La reine dressa vivement la tête.

– Laissez-moi dire, madame. Je dis vous, comme monsieur le comte d'Artois a dit vous. Si le beau-frère se méprend aux traits de sa sœur, à plus forte raison se méprendra un agent qui touche un petit écu par jour. L'agent vous a cru voir, il l'a dit. Ma police était encore bien faite ce jour-là. Direz-vous aussi, madame, que mes agents n'ont pas bien suivi cette affaire du gazetier Réteau, si bien étrillé par monsieur de Charny ?

– Par monsieur de Charny ! s'écrièrent à la fois Andrée et la reine.

– L'événement n'est pas vieux, madame, et les coups de canne sont encore chauds sur les épaules du gazetier. Voilà une de ces aventures qui faisaient le triomphe de monsieur de Sartine, mon prédécesseur, alors qu'il les contait si spirituellement au feu roi ou à la favorite.

– Monsieur de Charny s'est commis avec ce misérable ?

– Je ne l'ai su que par ma police, si calomniée, madame, et vous m'avouerez qu'il a fallu quelque intelligence à cette police pour découvrir le duel qui a suivi cette affaire.

– Un duel de monsieur de Charny ! monsieur de Charny s'est battu ! s'écria la reine.

– Avec le gazetier ? dit ardemment Andrée.

– Oh ! non, mesdames ; le gazetier tant battu n'aurait pas donné à monsieur de Charny le coup d'épée qui l'a fait se trouver mal dans votre antichambre.

– Blessé ! il est blessé ! s'écria la reine.
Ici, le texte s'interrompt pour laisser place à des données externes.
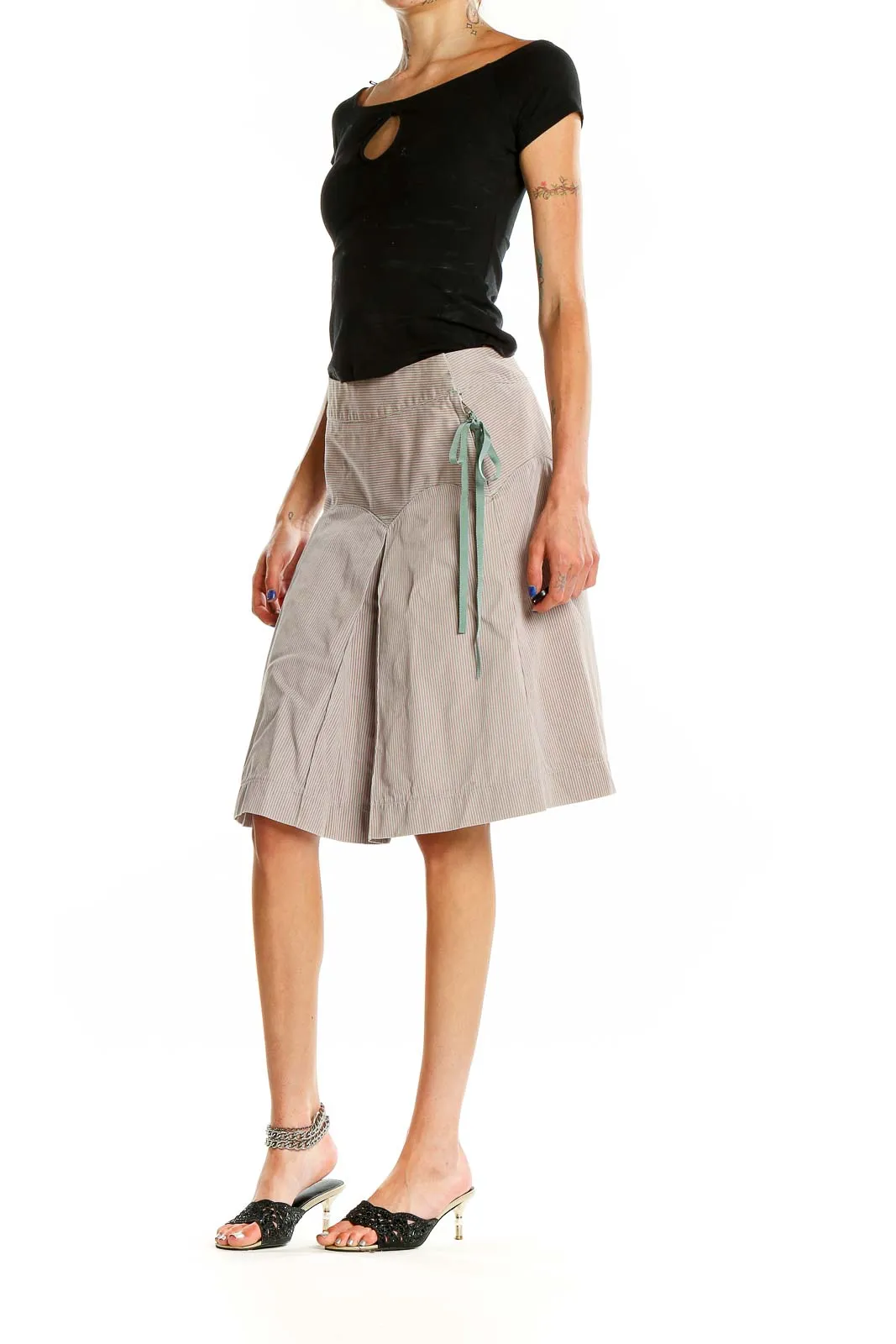 Beige Pleated A-Line Midi Skirt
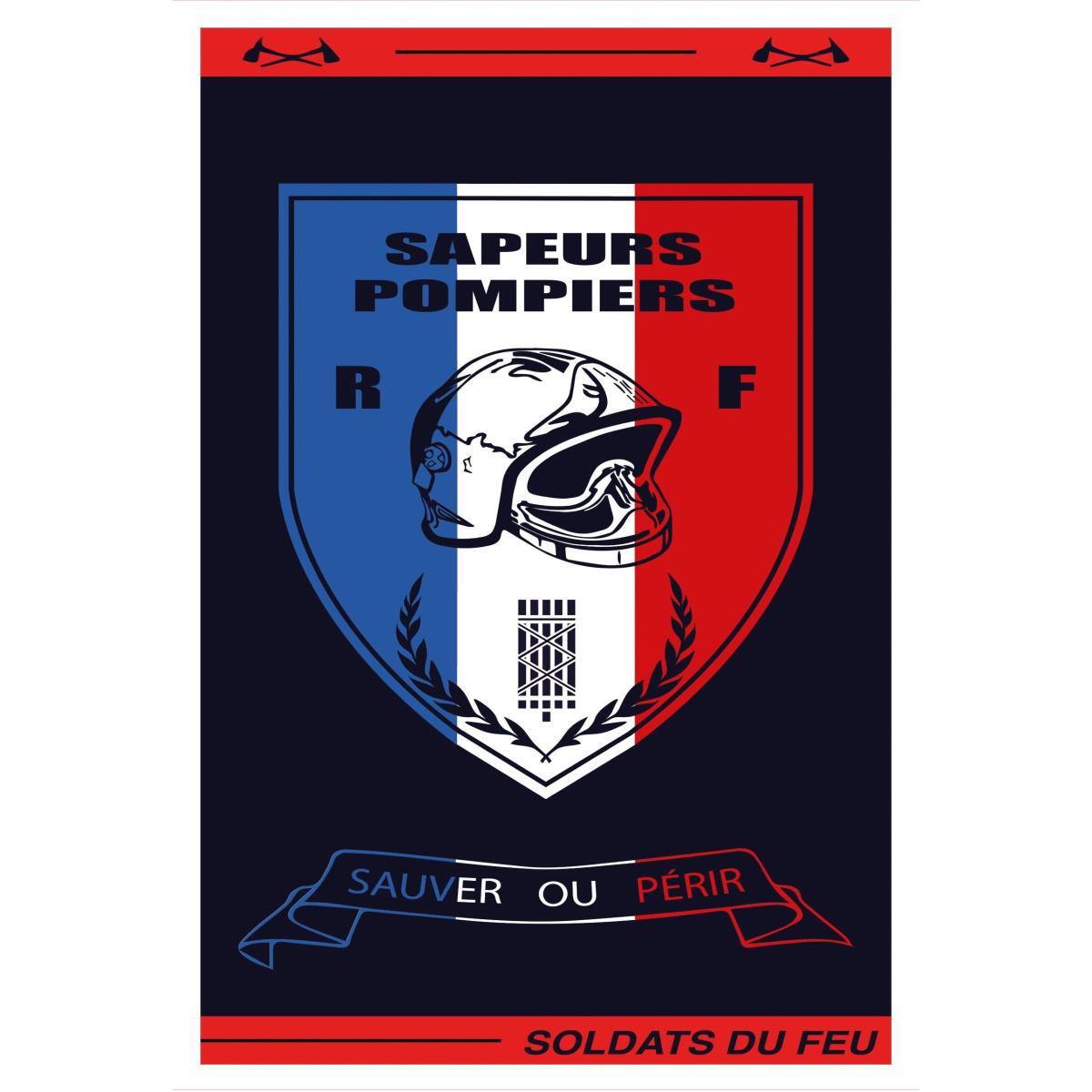 Un torchon aux couleurs française représentant un gros Écusson de Sapeurs Pompiers.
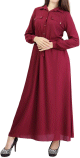 Robe de ville boutonnee manches longues pour femme - Couleur Prune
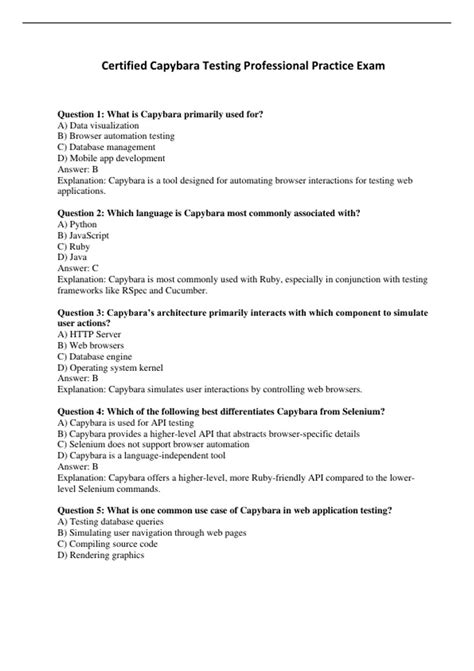 Certified Capybara Testing Professional Practice Exam - Computers ...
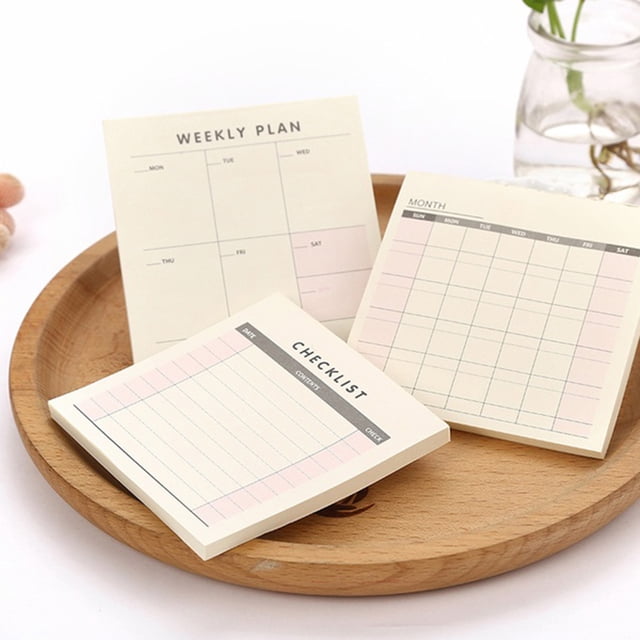Musbetu Weekly Monthly Check List Work Plan Square Paper Notebook Diary Agenda Daybook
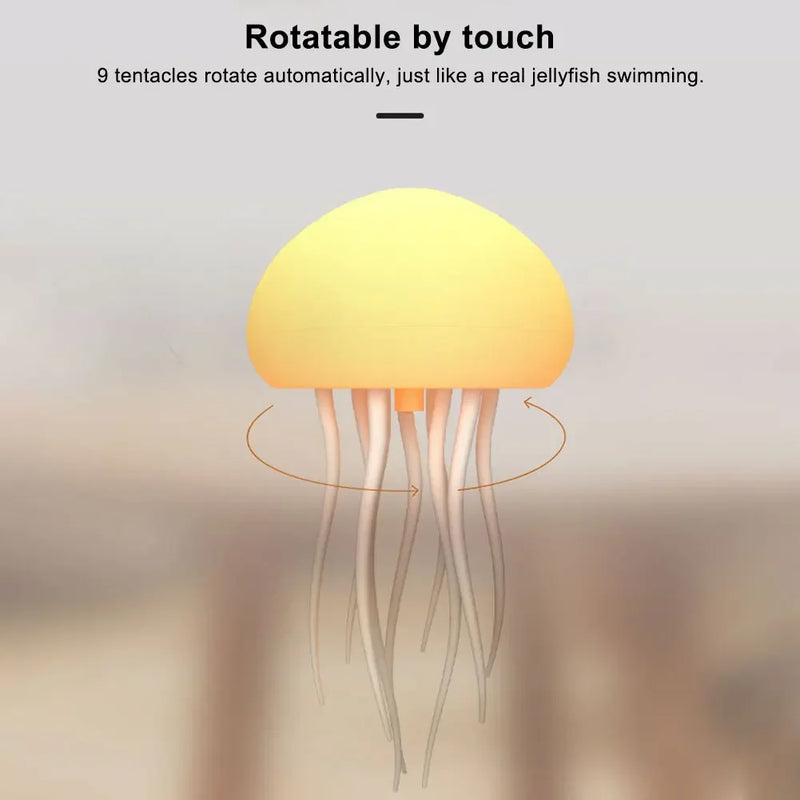 Cartoon Dancing Jellyfish Night Light RGB Gradient Cute Jellyfish Bedside Lamp Voice Control Type-C Charging LED Night Lamp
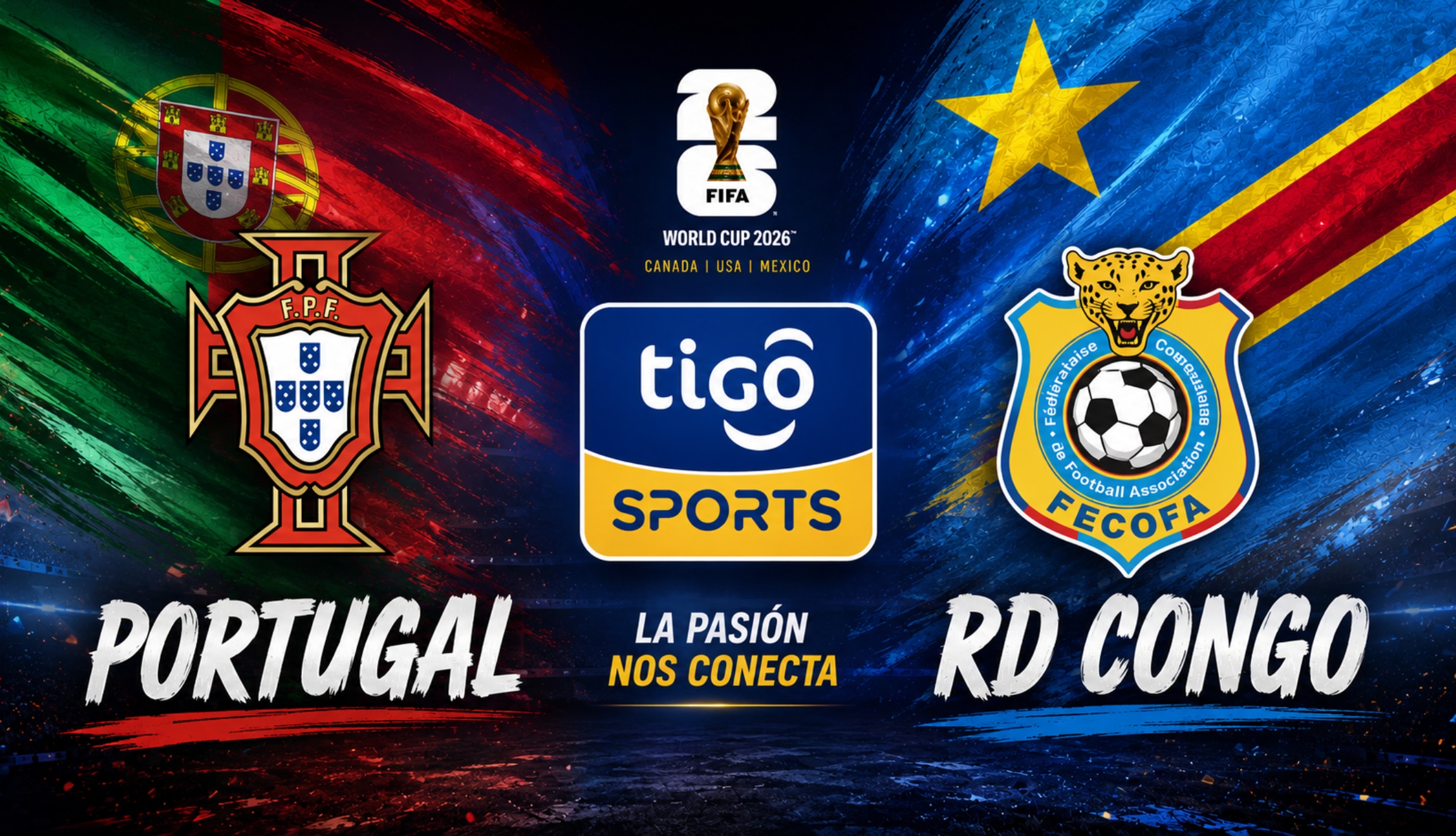 Señal de TiGo Sports EN VIVO para ver la transmisión del partido de Portugal vs. RD Congo de este miércoles 17 de junio, por la Jornada 1 del Grupo K del Mundial 2026. (Foto: Imagen creada por Depor utilizando la IA de Chat GPT)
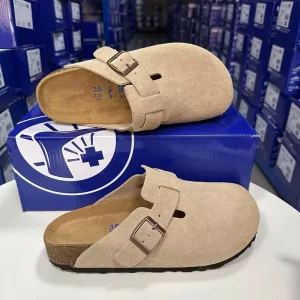 Factory Stock Women’s Customized Logo Genuine Leather Suede Cushioned Insole Anti-Slip Closed Toe Slipper Mules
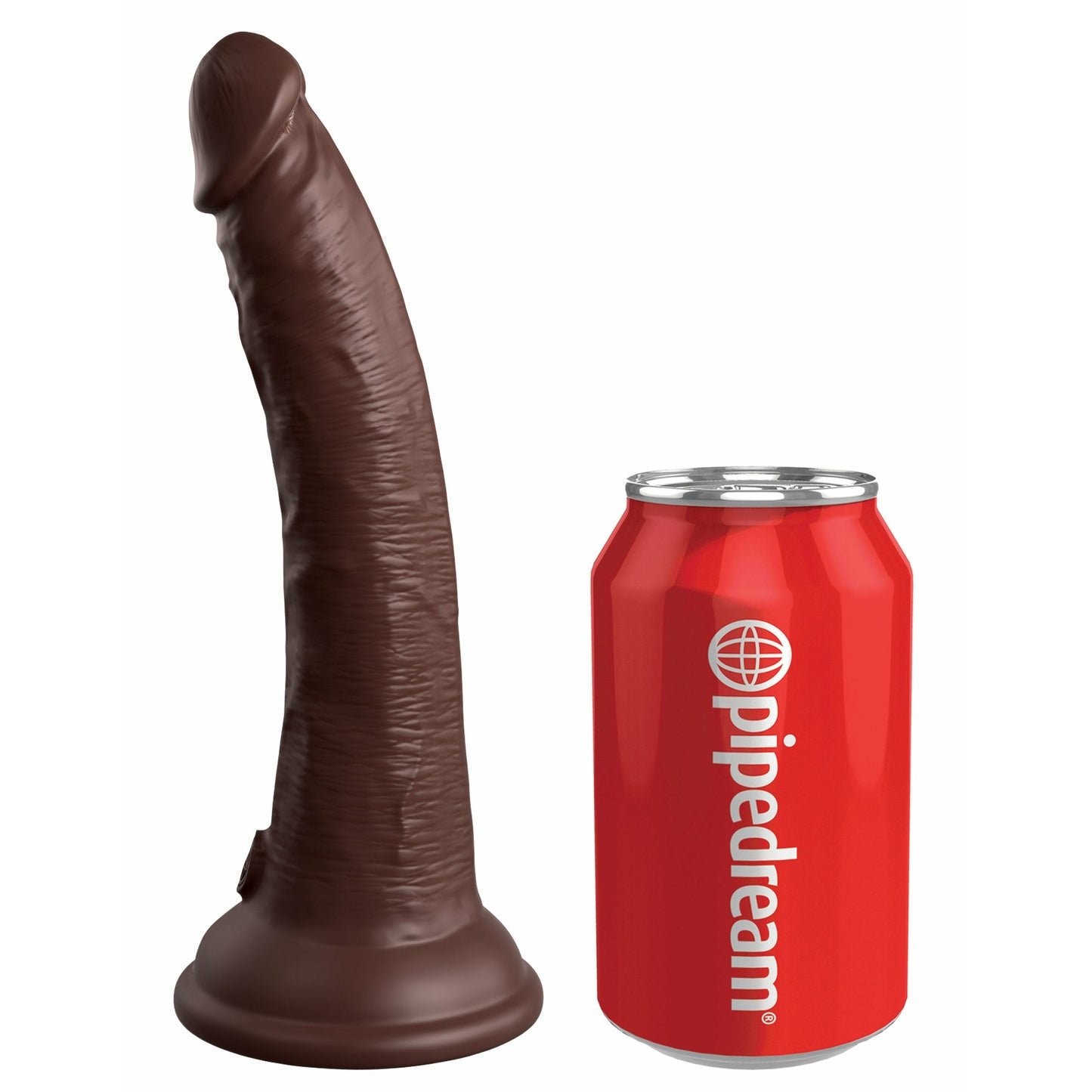 King Cock Elite 7 Inch Vibrating Silicone Dual Silicone Dual Density Cock With Remote - Brown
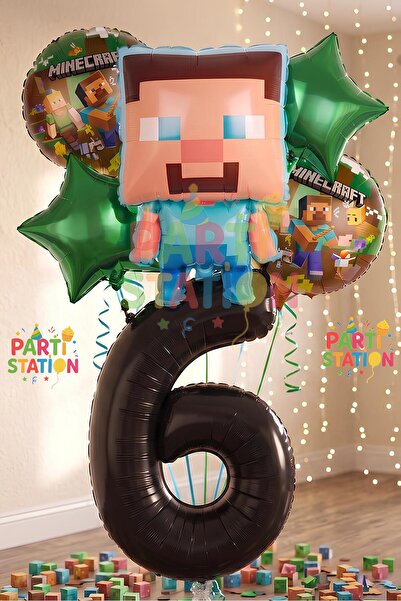 Parti Station Minecraft Balon 6 Yaş Doğum Günü Set Minecraft Konsept Yıldız B...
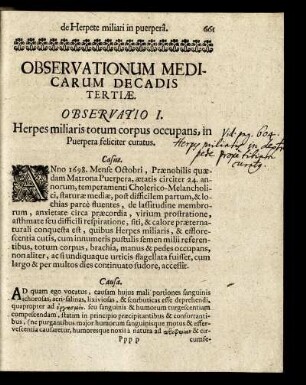 Observationum Medicarum Decadis Tertiæ.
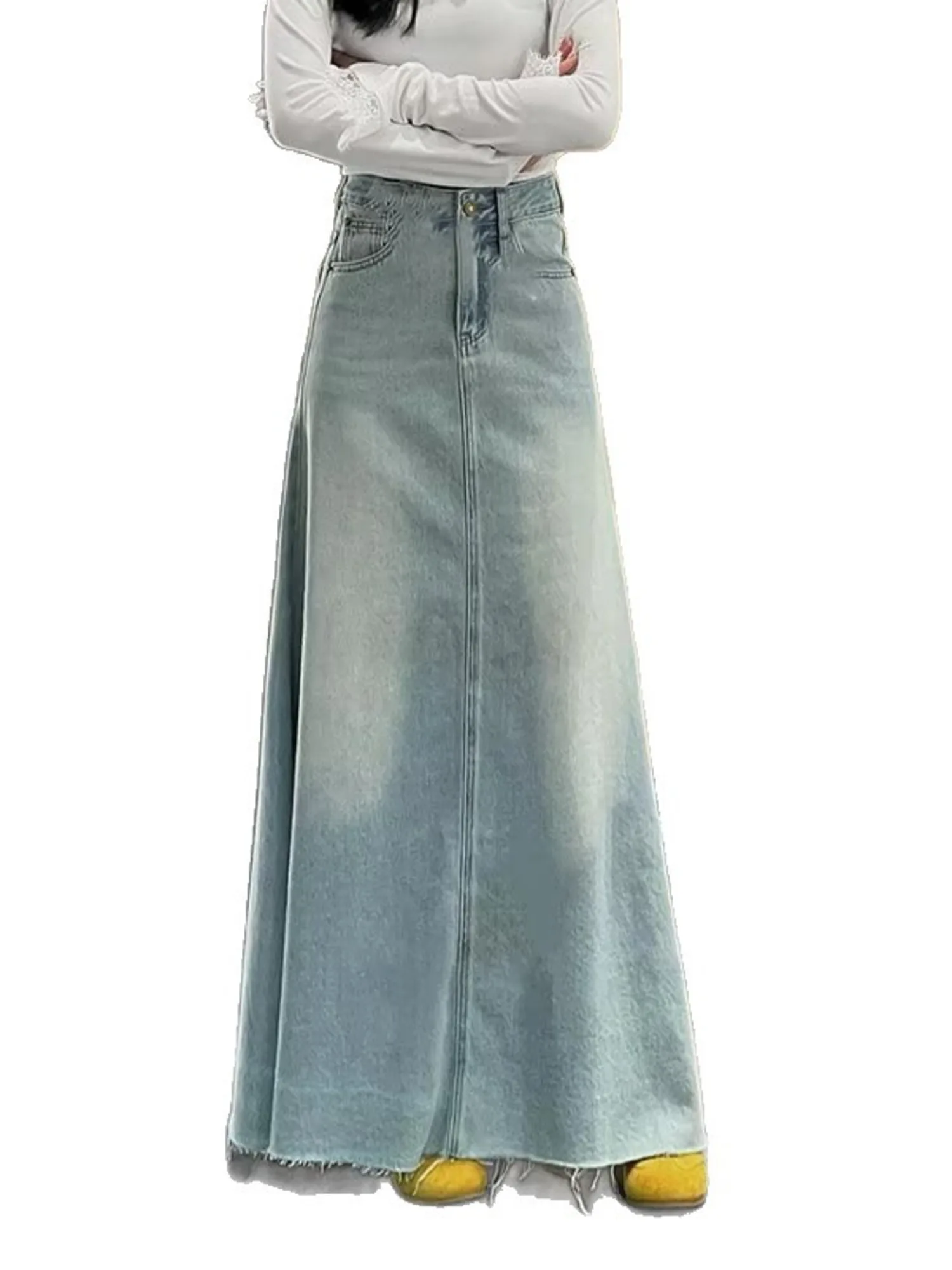 Women's High Waist Pleated Denim Skort with Built-in Shorts Vintage Wash A-Line Mini Skirt 2 Colors - view 5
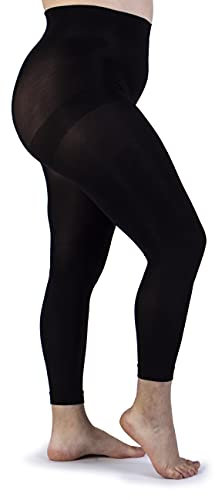LEELA LAB Collant sans Pied pour Femme, 120 Deniers, Legging Grande Taille Noir Curvy, Confortable et Résistant - Qualité Made in Italy (7)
Blessé ! mais quand cela ? mais comment ? Vous vous trompez monsieur de Crosne.

– Oh ! madame, Votre Majesté me trouve assez souvent en défaut pour m'accorder cette fois que je n'y suis pas.

– Tout à l'heure il était ici.

– Je le sais bien.

– Oh ! mais, dit Andrée, j'ai bien vu, moi, qu'il souffrait.

Et ces mots, elle les prononça de telle façon que la reine en découvrit l'hostilité, et se retourna vivement.

Le regard de la reine fut une riposte qu'Andrée soutint avec énergie.

– Que dites-vous ? fit Marie-Antoinette ; vous avez remarqué que monsieur de Charny souffrait, et vous ne l'avez pas dit !

Andrée ne répondit pas. Jeanne voulut venir au secours de la favorite, dont il fallait se faire une amie.

– Moi aussi, reprit-elle, j'ai cru m'apercevoir que monsieur de Charny se soutenait difficilement pendant tout le temps que Sa Majesté lui faisait l'honneur de lui parler.

– Difficilement, oui, dit la fière Andrée, qui ne remercia pas même la comtesse avec un regard.

Monsieur de Crosne, lui qu'on interrogeait, savourait à l'aise ses observations sur les trois femmes, dont pas une, Jeanne exceptée, ne se doutait qu'elle posait devant un lieutenant de police.

Enfin la reine reprit :

– Monsieur, avec qui et pourquoi monsieur de Charny s'est-il battu ?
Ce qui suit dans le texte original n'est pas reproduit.